Not being willing to cover some of the cost of his $13 million owed next season made it virtually impossible to find a good deal. Now that brings us to this point where Bruce is blocking Conforto’s path to more playing time.

Conforto busted onto the scene during the Mets’ 2015 run. He didn’t come close to duplicating his numbers in 2016. His OBP dropped 25 points and his slugging percentage fell almost 100 points in nearly twice as many games from ’15 to ’16. Still, Conforto has shown promise and has room to improve to the point where he is at least a solid everyday starting outfielder.

The Mets have a window to contend after signing Cespedes to a mega contract in the offseason. Though it’s much more likely Conforto stays around and is a potential full-time starter by 2018, there are several layers to this conversation.

The scenario at its core is this: do you gamble on Conforto’s potential and development beyond this year? Or do you take a different risk and look to strike while his potential and team control is a valuable trade asset while trying to add another piece to this championship puzzle?
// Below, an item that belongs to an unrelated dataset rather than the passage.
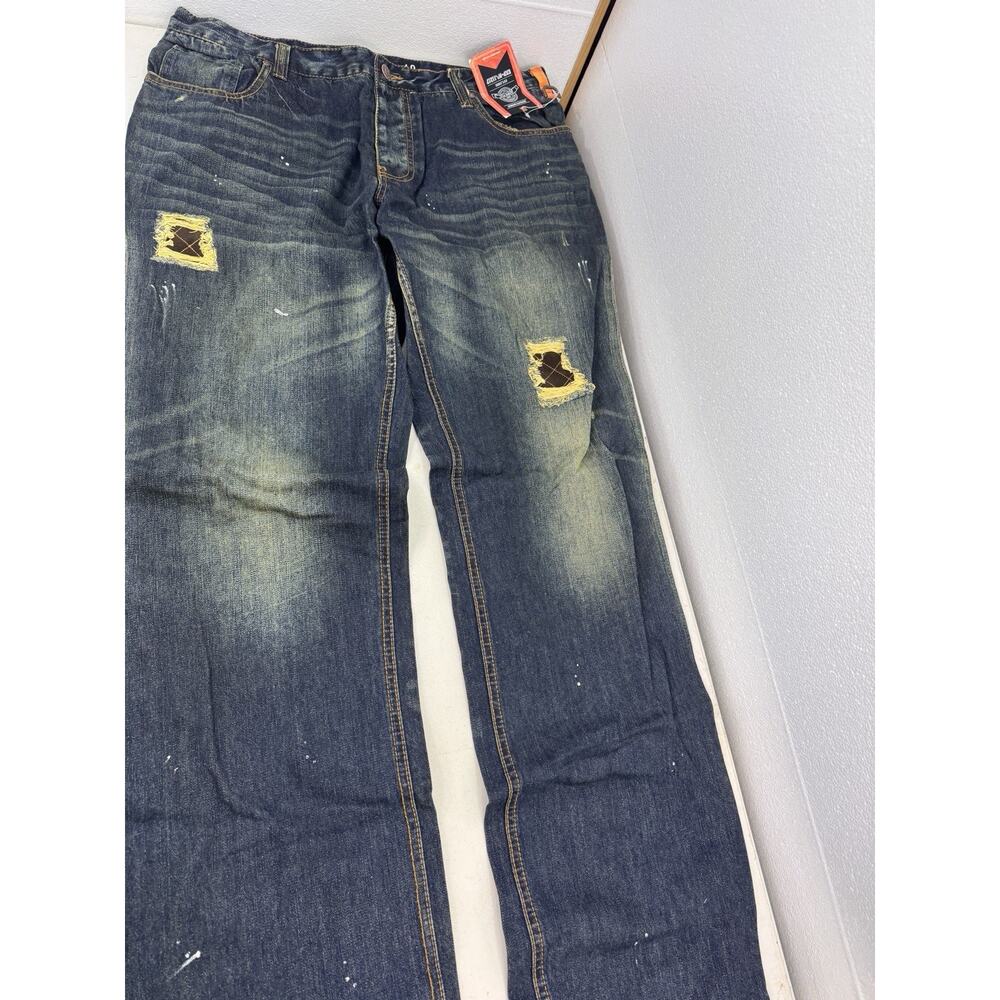 Born Fly Mens Jeans Size 40x34 100% Cotton Distressed Blue Boot Cut Faded NWT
Cespedes is under contract for three more years after this season. Lagares has two years left on his contract after this coming season. Bruce and Granderson are free agents after this season, so it can open the door long-term for Conforto and/or Brandon Nimmo.

Or if the Mets get aggressive, it could set the wheels in motion to attack free agency with about $60 million coming off the books after this season just in contracts set to expire.

Next: SS Rosario ranked third best prospect.

Ultimately, depth is a nice thing to have and the Mets will most likely go into this season with all parts aboard. Plus, there’s the notion of Conforto getting a possible look at first base in Spring Training.

There is something to be said though for being aggressive when you have a team that’s constructed to contend now. It’s at least intriguing to explore what the road less traveled could bring in the immediate and more distant future.